Encontré que éramos muy afortunados, al tener unos seguros de vida que solucionaban todos los problemas y pagaban las deudas que se tenían con los bancos, lo que garantizaba el futuro de la familia después de mi eventual muerte.

Cuánto dolor produjo esta actitud en María Clemencia y cuan vacío me sentía, a pesar de tener tan asegurado el futuro de mi familia. Sin embargo, evidentemente, no estaba para asumir con inteligencia espiritual esta situación.

La charla con los hijos, fue igualmente vacía, en la medida en que mi enfoque racional de la situación estorbaba en medio del ambiente de caridad y espiritualidad que mi familia planteaba y que yo me negaba a aceptar.

Luego, vino el aislamiento total. Procuré encontrarme encerrándome en el estudio de nuestro apartamento, rodeado de mis propias contradicciones, sin explicaciones claras, procurando entender lo ininteligible y asediado por otro sentimiento que generalmente precede a la angustia. Empezaba a llenarme de miedo en medio de mi soledad.

Analicé todas las variables nuevamente y, las explicaciones que le daban un significado racional al proceso, no eran suficientes ni aproximadamente válidas para resolver la situación. No vasta con asegurar el futuro de los que se quedan. Debemos encontrar la razón de ser de esta realidad que nos enfrenta a la eminencia de la muerte, única verdad incuestionable de la humanidad. ¡Nacemos para morir! Pero, pensamos que nacemos para ser líderes o seguidores, ricos o pobres, inteligentes o mediocres, siempre respetados e inmortales. ¡Vana imaginación, que pierde todo sentido cuando se enfrenta el hombre a la inminencia de su muerte!

La desesperación contribuía a deteriorar mi situación al no encontrar respuestas válidas para tantas inquietudes. Cuánto quise tener conmigo a mis maestros de humanidades. Muchos de ellos, ya han superado estos momentos.
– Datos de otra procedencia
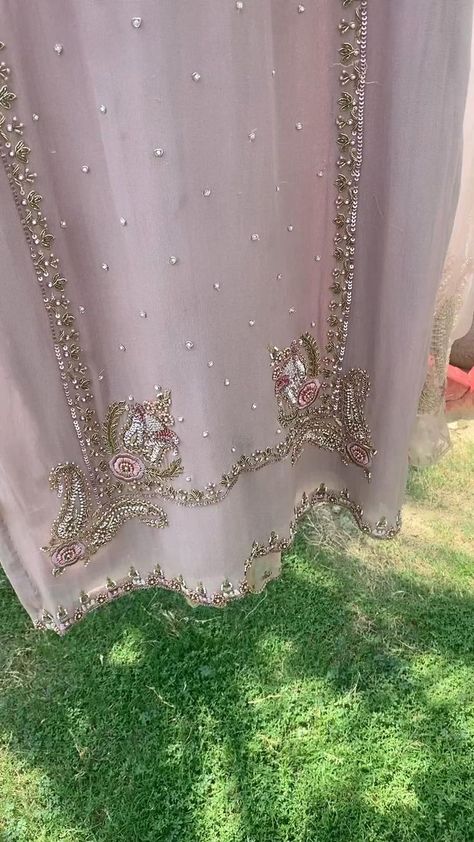 Punjabi Suits Designer Boutique, Hand Embroidery Dress, Sekhon Boutique, Handmade Embroidery Designs, Bead Embroidery Patterns, Hand Work Embroidery, Beautiful Dress Designs, Embroidery Suits Design, Stylish Party Dresses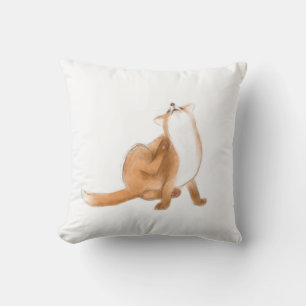 Scratching fox cushion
Si pudiera llegar a donde se encuentran: ¿Qué respuestas me darían?

¿Qué diría el maestro Rafael Maya con su semblante siempre bueno y amable, interpretando la Cultura Griega y recordando el discurrir de los clásicos filósofos de la humanidad?

¿Qué diría el profesor José de Recasens, con sus interpretaciones del Homo Sapiens en las clases de Antropología donde siempre queda por explicar qué trascendencia tiene la humanidad?

¿Qué diría el Dr. Fernando Cepeda que con su interpretación de la política, nos conmovió a muchos y nos hizo suficientemente críticos hasta poder conmocionar los cimientos más sagrados del santuario de la universidad burguesa, cuando apenas empezaban los setentas y los gritos de Daniel el Rojo se escuchaban en Latinoamérica, con un retraso que produce risa al Internet?

¿Qué diría el Dr. Abelardo Forero Benavides, que de su paraguas, como caja de Pandora, con una oratoria descriptiva que competía con de las artes visuales, extraía los sucesos de la historia que siempre explican el pasado pero no el porvenir? Recuerdo su rostro serio y adusto cuando nos decía: El pueblo que no reconoce su historia, está condenado a repetirla. ¿Será que eso nos pasa con la muerte?

Esa noche me dormí muy tarde, pues, todos estos pensamientos, sin respuesta, me hicieron entrar en la desesperación.